=== Begin Enclosure ===

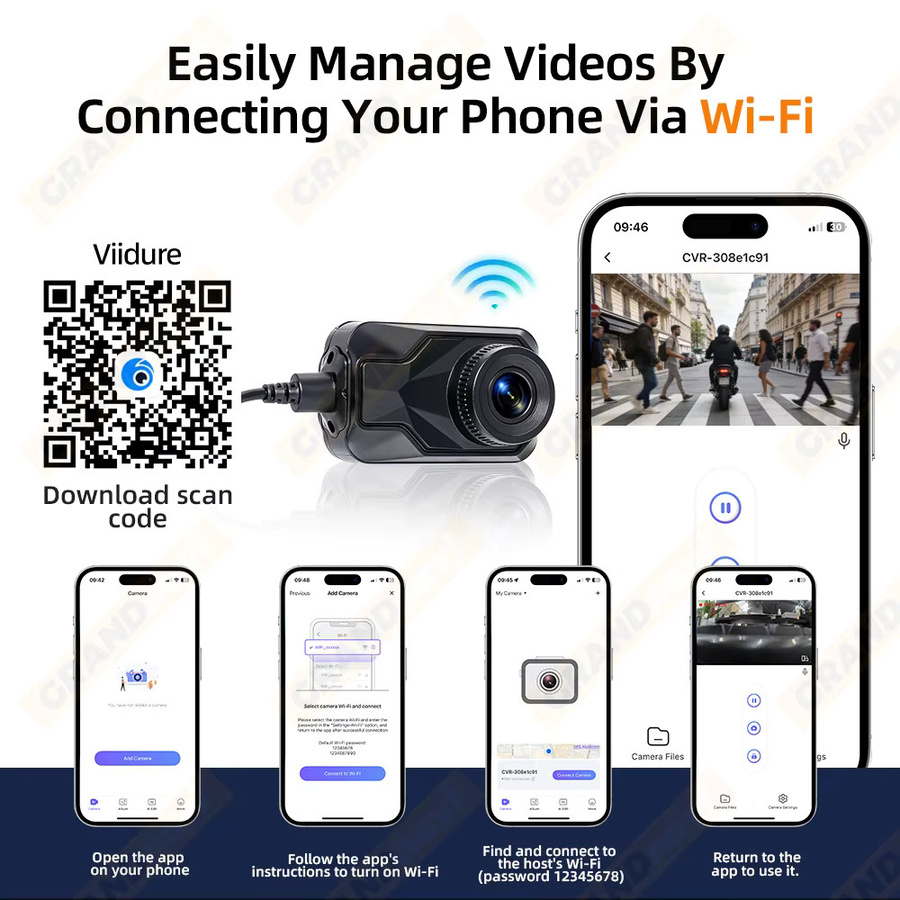 Grandnavi Wasserdichte Motorrad Dual 2K DVR Dashcam mit WiFi und Apple Find My Unterstützung, Schwarz - Bild 5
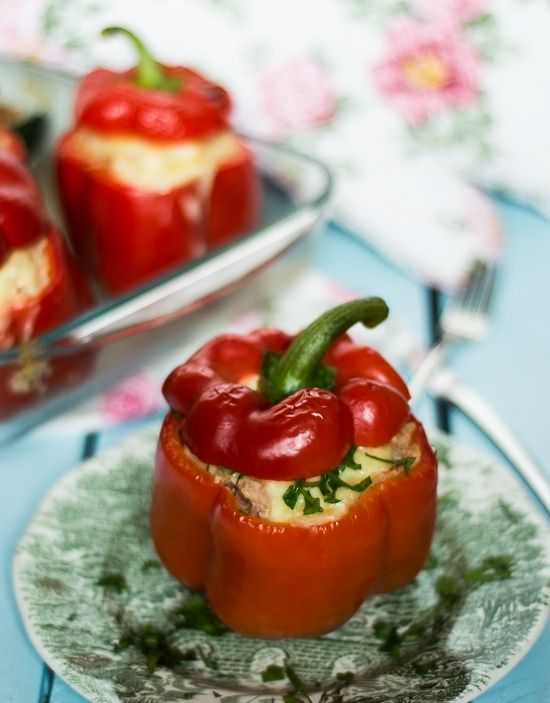 Papryka z ryżem pełnoziarnistym i mięsem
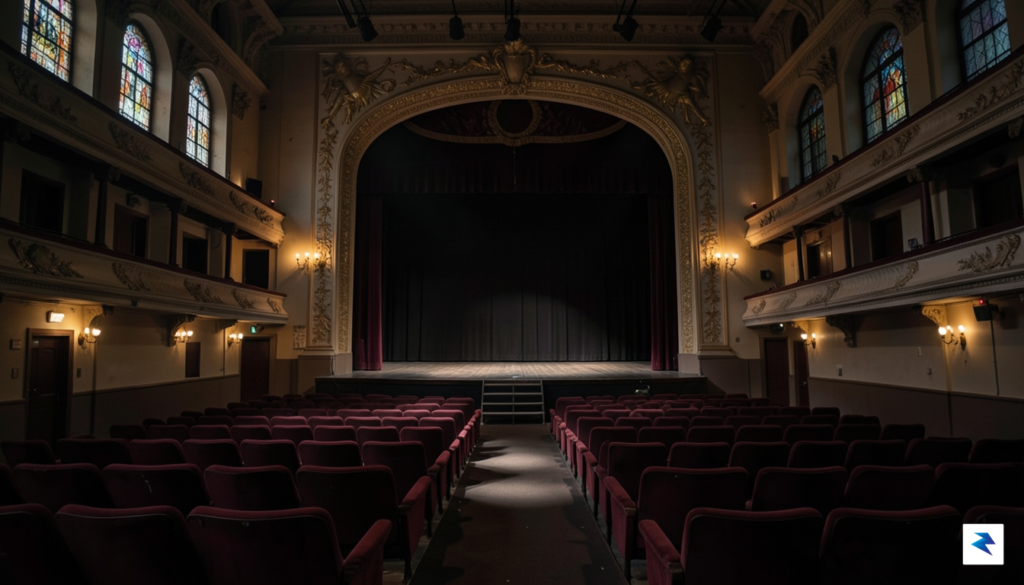 A wide-angle, low-light photograph of an empty, historic Broadway theater&hellip;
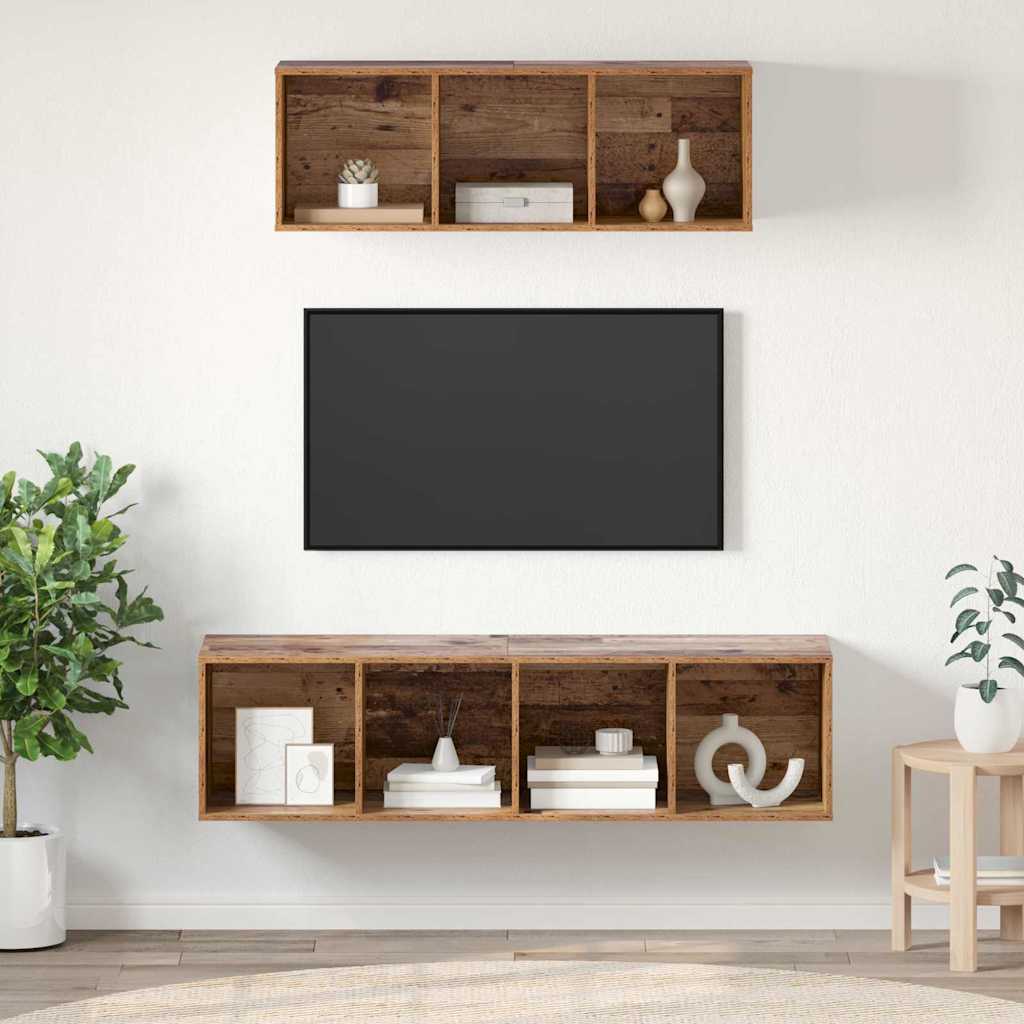 vidaXL Zestaw szafek RTV 2 pcs Stare drewno Materiał drewnopochodny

=== End Enclosure ===

Your task: Exactly the lines from the line with "A wide-angle, low-light" through the end of the data are to be reproduced, and no picture is to be included.

Task answer:
 A wide-angle, low-light photograph of an empty, historic Broadway theater&hellip;
 vidaXL Zestaw szafek RTV 2 pcs Stare drewno Materiał drewnopochodny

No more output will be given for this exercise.